=== RECORD SET ===

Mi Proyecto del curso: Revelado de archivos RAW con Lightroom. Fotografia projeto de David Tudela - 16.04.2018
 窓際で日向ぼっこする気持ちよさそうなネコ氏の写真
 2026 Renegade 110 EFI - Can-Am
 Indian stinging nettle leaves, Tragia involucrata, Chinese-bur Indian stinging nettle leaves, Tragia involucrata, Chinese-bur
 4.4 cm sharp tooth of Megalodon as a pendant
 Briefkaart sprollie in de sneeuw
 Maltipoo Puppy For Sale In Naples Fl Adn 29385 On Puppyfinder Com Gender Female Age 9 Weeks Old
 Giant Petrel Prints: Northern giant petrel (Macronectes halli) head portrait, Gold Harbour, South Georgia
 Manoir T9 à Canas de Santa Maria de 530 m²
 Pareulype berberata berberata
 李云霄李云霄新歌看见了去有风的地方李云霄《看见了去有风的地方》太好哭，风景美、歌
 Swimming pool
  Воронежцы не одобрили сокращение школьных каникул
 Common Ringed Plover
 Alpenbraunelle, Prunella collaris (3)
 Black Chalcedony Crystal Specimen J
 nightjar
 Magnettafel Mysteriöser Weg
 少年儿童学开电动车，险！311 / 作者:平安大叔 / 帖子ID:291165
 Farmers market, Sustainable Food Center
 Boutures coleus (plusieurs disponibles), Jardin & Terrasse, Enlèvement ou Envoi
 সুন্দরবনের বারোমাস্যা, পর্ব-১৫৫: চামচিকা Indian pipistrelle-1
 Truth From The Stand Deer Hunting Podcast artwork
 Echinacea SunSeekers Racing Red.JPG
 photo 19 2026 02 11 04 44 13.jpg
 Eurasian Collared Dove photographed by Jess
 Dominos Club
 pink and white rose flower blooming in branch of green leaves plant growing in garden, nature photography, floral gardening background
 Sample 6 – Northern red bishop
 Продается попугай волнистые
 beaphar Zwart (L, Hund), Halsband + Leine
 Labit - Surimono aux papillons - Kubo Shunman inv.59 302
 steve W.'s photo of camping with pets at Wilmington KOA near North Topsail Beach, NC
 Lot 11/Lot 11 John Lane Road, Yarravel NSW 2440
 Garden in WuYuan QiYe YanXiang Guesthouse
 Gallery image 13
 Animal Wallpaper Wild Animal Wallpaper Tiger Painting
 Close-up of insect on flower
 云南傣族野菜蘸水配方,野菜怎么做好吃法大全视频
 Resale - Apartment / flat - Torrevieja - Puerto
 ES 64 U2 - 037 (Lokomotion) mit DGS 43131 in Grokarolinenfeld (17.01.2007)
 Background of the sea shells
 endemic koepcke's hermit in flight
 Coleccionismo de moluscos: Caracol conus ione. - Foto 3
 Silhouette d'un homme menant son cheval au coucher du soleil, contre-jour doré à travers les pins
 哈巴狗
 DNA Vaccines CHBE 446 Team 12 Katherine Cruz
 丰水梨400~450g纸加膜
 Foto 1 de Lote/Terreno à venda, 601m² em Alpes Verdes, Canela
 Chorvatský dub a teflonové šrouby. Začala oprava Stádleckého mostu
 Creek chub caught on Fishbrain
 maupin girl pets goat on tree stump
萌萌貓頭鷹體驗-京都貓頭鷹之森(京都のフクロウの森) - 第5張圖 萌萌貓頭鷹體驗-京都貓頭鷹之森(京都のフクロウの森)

===

## ASSIGNMENT
Up to and including the last line above, starting with the line that contains "丰水梨400~450g纸加膜", return each line exactly and nothing else.

## EXERCISE OUTPUT
 丰水梨400~450g纸加膜
 Foto 1 de Lote/Terreno à venda, 601m² em Alpes Verdes, Canela
 Chorvatský dub a teflonové šrouby. Začala oprava Stádleckého mostu
 Creek chub caught on Fishbrain
 maupin girl pets goat on tree stump
萌萌貓頭鷹體驗-京都貓頭鷹之森(京都のフクロウの森) - 第5張圖 萌萌貓頭鷹體驗-京都貓頭鷹之森(京都のフクロウの森)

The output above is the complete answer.